ただ翔と篤彦は、夜練に一度も顔を出していない。
完璧超人の翔先輩はともかく、篤彦は今のところMr.Dに毎回ブチギレられているにも関わらず来ていないので、他の男子たちから裏で苦言を呈されている。
私は彼の思惑を全員にバラしてやろうかとも思ったけれど、そんなことをしたら彼からの報復が恐ろしいので、なんとか飲み込んでいるところだ。

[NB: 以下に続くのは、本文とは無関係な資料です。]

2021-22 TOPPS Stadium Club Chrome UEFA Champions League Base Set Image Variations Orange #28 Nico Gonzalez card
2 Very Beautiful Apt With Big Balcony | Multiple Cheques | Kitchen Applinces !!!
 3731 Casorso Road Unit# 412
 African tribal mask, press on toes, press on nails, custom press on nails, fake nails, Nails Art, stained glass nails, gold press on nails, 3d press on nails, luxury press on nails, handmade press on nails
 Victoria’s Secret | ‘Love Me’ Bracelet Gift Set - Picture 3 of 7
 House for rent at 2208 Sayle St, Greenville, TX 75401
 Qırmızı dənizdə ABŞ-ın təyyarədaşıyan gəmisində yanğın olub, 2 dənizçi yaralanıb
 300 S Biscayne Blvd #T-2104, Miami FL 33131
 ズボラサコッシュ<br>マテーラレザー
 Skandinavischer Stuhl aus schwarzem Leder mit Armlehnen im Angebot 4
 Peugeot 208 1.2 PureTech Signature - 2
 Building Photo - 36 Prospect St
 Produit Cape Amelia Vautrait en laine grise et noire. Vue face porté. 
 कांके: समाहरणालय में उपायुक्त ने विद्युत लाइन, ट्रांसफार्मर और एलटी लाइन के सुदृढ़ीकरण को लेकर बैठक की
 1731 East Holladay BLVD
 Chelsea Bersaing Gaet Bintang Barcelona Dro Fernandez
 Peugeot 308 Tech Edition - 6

と、そんな流れで私は今日も、深夜の居残り練習に来ている。
ちなみに今いるメンバーは双子と京、そして私だ。
スタジオの四隅では、最近翔が現地で調達してきた扇風機が、ぶおおと音を立てて回っていて。
大きく開け放たれた窓の外からは、夜風、クラクション、虫の声なんかが混ざり合って流れ込んできている。
そんな夜の空気の中で、既に何度か通しを終えた私たちは、そろそろお開きかというムードに包まれていた。
くたくたの身体を、トサッと窓際の壁に預ける。
初日に比べたらかなり涼しくなったとはいえ、先ほどまでのハードな練習のせいで、全身はまだじっとり汗ばんでいた。
あっつい……。
首元をぱたぱたと扇ぎながら水を飲んで、なんとか熱を逃がそうとしていると。
不意に、隣から声がかかった。
「顔赤」
顔を向けると、声の主は京で。
気だるげに胡座をかき、ちょっと首を傾げてこちらを覗き込んでいた。
乱れた前髪の隙間から、揶揄うように目を細めている彼。
私はちょっと唇を尖らせ、彼からふいと目を逸らす。